ABOUT THIS TASK. Among the lines below, take the one holding "Potatoes Give You Energy Postal Card", the one holding "白色五红犬幼犬多少钱一只", and all lines between them. Set them down exactly.

INPUT MATERIAL.
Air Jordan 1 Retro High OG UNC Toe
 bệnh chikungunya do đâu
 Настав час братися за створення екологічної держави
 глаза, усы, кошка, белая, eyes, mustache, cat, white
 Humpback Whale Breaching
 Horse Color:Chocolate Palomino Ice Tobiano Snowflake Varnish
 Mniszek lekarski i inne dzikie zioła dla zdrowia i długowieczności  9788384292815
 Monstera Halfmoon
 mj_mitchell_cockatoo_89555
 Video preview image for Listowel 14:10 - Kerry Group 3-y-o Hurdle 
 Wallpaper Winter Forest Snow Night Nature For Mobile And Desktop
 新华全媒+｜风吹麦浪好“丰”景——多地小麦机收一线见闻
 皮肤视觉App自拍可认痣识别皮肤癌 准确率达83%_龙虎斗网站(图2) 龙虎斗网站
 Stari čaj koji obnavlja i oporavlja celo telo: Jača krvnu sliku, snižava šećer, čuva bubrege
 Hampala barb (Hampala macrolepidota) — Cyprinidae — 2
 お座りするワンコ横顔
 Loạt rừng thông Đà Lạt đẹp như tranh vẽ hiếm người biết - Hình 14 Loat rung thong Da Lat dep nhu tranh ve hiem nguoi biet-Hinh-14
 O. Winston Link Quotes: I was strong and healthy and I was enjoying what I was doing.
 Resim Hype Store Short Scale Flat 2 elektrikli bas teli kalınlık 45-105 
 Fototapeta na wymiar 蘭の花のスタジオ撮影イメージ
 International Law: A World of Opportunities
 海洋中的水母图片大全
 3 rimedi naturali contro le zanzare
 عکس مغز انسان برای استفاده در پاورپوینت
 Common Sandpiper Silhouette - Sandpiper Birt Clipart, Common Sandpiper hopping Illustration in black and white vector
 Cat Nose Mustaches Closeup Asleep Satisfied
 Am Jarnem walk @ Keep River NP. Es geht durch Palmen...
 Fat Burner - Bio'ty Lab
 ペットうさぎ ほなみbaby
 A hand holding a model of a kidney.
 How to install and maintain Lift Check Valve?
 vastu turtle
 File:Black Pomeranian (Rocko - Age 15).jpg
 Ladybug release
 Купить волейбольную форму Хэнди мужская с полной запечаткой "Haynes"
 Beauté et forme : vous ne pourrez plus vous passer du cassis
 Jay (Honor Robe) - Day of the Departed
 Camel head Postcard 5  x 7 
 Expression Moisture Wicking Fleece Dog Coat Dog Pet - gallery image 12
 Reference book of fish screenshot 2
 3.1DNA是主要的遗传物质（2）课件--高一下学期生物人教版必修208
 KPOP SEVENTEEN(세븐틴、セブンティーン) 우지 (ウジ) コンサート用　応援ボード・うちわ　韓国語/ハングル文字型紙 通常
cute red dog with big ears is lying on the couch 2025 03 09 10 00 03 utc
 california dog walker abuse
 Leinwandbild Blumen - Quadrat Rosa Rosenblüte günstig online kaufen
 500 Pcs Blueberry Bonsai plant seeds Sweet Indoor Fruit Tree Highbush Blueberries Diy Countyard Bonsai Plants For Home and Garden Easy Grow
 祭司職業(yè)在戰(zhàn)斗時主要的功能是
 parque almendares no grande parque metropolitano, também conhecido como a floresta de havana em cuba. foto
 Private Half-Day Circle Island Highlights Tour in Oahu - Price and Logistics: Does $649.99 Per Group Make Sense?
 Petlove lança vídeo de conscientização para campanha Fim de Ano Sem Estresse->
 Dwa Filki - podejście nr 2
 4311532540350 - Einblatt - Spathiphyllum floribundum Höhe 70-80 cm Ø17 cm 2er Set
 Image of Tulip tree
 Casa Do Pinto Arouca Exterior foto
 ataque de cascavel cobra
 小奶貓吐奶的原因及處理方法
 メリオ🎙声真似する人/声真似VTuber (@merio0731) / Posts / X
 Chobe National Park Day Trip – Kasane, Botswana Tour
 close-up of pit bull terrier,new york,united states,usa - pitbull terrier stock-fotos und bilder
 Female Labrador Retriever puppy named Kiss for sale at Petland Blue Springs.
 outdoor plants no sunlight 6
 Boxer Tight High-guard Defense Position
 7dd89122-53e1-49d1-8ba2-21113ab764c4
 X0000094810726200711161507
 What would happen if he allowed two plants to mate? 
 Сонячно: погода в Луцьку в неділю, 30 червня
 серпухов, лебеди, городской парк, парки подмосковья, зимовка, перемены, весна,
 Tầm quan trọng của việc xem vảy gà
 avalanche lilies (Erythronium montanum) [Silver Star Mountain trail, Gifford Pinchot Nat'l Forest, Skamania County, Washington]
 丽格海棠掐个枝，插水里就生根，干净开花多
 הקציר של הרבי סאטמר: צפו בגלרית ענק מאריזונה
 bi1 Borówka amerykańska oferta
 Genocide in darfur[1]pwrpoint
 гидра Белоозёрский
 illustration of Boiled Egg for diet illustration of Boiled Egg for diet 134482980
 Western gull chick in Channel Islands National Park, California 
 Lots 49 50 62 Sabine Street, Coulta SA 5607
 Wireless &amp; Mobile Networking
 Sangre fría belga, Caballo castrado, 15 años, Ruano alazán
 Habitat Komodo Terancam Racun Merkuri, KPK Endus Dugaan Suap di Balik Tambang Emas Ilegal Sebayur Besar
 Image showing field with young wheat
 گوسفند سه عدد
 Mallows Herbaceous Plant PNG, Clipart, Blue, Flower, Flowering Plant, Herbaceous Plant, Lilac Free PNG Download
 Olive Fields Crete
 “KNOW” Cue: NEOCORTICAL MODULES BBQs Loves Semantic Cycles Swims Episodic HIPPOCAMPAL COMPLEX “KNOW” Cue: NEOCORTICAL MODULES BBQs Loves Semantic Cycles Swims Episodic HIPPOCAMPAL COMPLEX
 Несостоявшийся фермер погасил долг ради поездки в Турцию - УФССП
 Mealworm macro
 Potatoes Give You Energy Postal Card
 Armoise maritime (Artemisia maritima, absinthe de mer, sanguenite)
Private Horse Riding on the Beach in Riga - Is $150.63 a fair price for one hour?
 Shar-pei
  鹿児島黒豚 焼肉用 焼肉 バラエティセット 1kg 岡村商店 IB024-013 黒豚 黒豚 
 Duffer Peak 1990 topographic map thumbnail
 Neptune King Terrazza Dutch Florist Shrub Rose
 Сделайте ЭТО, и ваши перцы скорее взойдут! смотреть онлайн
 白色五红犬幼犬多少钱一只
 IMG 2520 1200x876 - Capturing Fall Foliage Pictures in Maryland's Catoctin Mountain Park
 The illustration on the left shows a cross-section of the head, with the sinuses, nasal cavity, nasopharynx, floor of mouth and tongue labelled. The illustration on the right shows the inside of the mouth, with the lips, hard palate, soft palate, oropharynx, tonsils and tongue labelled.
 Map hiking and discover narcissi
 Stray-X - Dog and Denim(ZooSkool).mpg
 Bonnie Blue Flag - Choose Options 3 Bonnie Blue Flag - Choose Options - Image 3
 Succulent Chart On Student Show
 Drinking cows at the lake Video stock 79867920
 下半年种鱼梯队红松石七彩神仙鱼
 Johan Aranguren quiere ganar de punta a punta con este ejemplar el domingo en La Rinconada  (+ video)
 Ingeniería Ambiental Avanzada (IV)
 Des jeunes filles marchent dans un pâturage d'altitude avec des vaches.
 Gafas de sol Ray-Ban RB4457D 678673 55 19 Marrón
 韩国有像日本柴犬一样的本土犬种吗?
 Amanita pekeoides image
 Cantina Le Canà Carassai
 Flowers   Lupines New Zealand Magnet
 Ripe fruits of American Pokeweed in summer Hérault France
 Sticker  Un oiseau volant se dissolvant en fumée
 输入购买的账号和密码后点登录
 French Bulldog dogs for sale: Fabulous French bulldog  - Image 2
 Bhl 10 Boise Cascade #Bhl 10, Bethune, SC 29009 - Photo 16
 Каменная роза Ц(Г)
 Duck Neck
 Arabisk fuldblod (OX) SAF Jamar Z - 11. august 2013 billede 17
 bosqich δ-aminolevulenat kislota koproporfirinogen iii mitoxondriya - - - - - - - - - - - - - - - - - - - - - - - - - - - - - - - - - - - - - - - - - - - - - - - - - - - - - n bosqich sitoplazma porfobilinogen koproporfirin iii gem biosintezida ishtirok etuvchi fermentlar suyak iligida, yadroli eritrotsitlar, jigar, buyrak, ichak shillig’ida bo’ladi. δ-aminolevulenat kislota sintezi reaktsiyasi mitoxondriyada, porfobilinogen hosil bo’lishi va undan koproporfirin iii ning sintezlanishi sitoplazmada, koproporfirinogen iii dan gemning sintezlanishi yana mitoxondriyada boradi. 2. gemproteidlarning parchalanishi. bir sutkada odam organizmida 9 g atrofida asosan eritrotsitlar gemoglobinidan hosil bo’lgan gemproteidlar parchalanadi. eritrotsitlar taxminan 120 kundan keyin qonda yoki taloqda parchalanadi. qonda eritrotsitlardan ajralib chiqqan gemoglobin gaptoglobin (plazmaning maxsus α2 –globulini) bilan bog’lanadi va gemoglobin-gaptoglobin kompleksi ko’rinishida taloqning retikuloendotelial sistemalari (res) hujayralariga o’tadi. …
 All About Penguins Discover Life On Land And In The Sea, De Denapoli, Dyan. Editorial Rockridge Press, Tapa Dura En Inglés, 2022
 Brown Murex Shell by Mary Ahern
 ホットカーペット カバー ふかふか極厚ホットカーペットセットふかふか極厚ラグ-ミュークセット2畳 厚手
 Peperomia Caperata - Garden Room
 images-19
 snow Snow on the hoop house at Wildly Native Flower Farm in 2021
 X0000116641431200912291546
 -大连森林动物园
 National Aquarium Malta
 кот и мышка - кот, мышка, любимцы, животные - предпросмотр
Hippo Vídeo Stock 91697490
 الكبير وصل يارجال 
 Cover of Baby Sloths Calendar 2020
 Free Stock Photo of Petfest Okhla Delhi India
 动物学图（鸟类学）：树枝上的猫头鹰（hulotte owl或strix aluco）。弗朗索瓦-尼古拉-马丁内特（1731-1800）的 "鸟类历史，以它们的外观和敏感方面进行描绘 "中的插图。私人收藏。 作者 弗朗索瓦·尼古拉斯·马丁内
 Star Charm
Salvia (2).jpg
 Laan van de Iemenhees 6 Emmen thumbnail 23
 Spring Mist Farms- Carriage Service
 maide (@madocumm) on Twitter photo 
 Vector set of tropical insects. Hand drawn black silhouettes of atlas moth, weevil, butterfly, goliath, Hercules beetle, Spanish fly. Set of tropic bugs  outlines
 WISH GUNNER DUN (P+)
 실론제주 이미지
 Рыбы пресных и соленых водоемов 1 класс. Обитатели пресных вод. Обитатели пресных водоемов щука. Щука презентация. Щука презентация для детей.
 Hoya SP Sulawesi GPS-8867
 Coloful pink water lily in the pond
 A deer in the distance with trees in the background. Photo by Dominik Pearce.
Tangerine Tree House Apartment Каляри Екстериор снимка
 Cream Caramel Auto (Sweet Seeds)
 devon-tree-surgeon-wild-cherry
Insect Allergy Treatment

RESPONSE TO THIS TASK.
 Potatoes Give You Energy Postal Card
 Armoise maritime (Artemisia maritima, absinthe de mer, sanguenite)
Private Horse Riding on the Beach in Riga - Is $150.63 a fair price for one hour?
 Shar-pei
  鹿児島黒豚 焼肉用 焼肉 バラエティセット 1kg 岡村商店 IB024-013 黒豚 黒豚 
 Duffer Peak 1990 topographic map thumbnail
 Neptune King Terrazza Dutch Florist Shrub Rose
 Сделайте ЭТО, и ваши перцы скорее взойдут! смотреть онлайн
 白色五红犬幼犬多少钱一只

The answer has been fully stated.